>>>>>

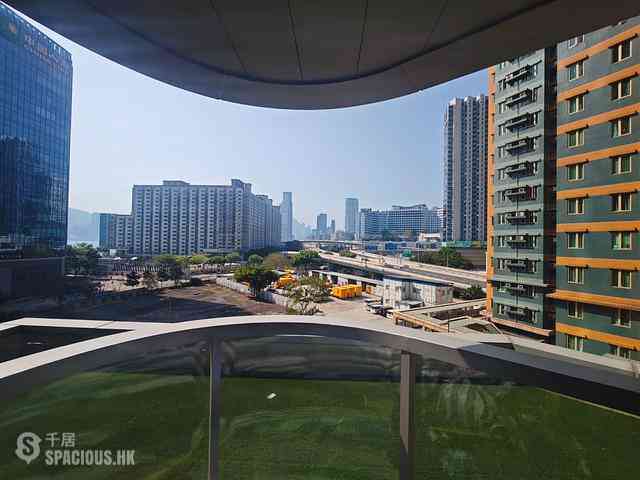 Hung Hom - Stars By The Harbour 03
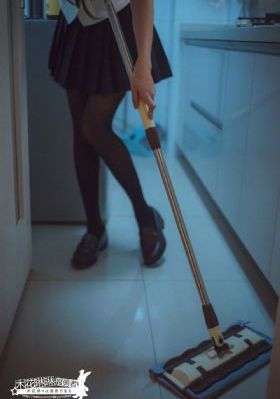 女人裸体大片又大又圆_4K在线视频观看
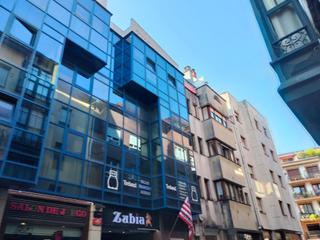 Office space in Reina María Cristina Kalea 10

<<<<<
>>>>>

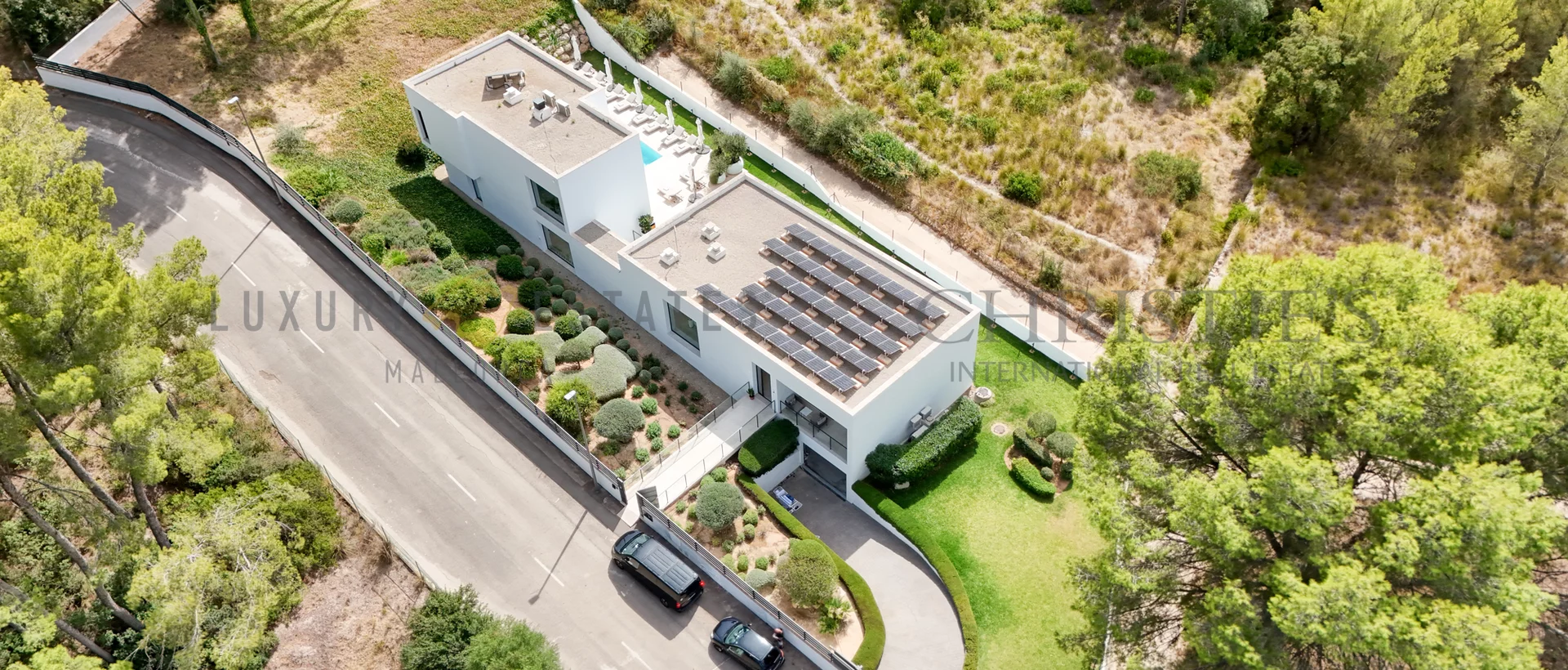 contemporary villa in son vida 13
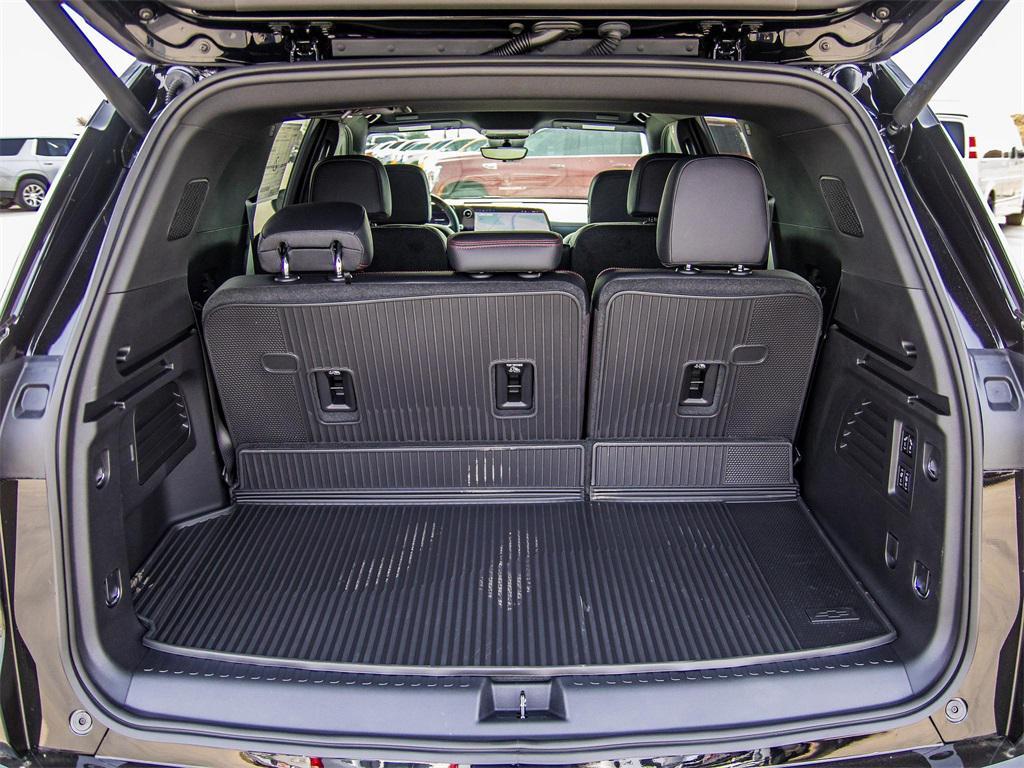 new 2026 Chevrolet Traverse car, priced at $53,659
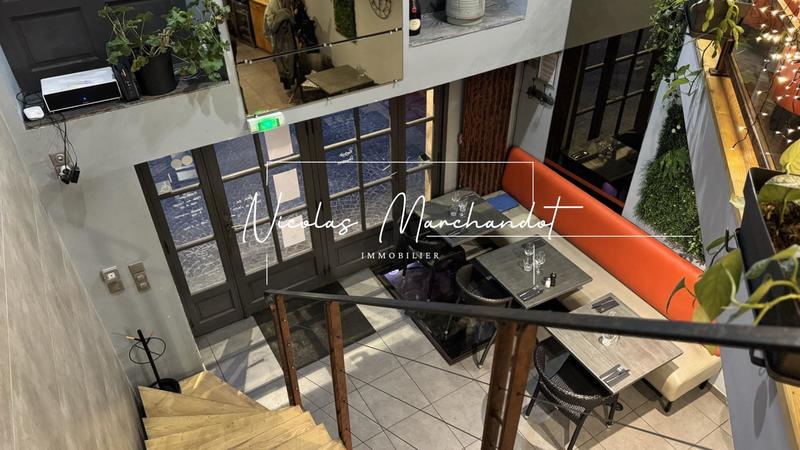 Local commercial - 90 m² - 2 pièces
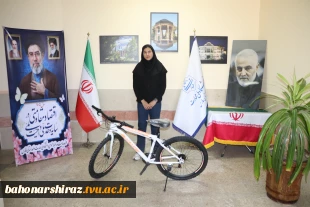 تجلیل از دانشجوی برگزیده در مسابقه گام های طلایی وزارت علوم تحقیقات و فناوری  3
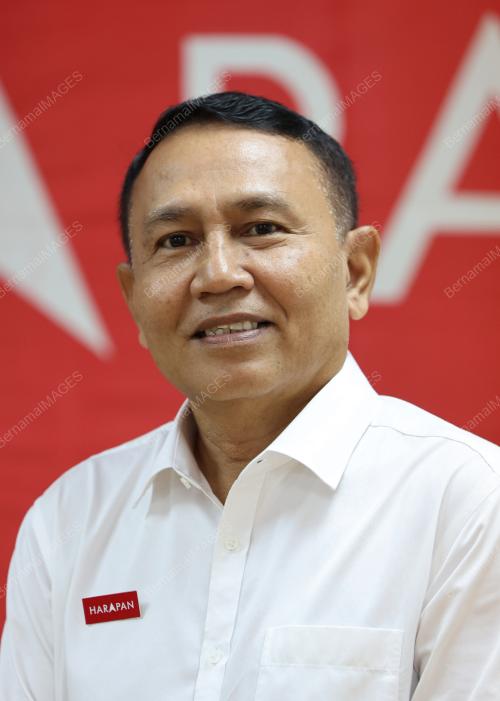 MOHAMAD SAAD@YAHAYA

<<<<<

● EXERCISE
Copy only what runs above from the line containing "女人裸体大片又大又圆_4K在线视频观看" through the line containing "Office space in", exactly. Leave out the pictures.

● WRITTEN SOLUTION
 女人裸体大片又大又圆_4K在线视频观看
 Office space in Reina María Cristina Kalea 10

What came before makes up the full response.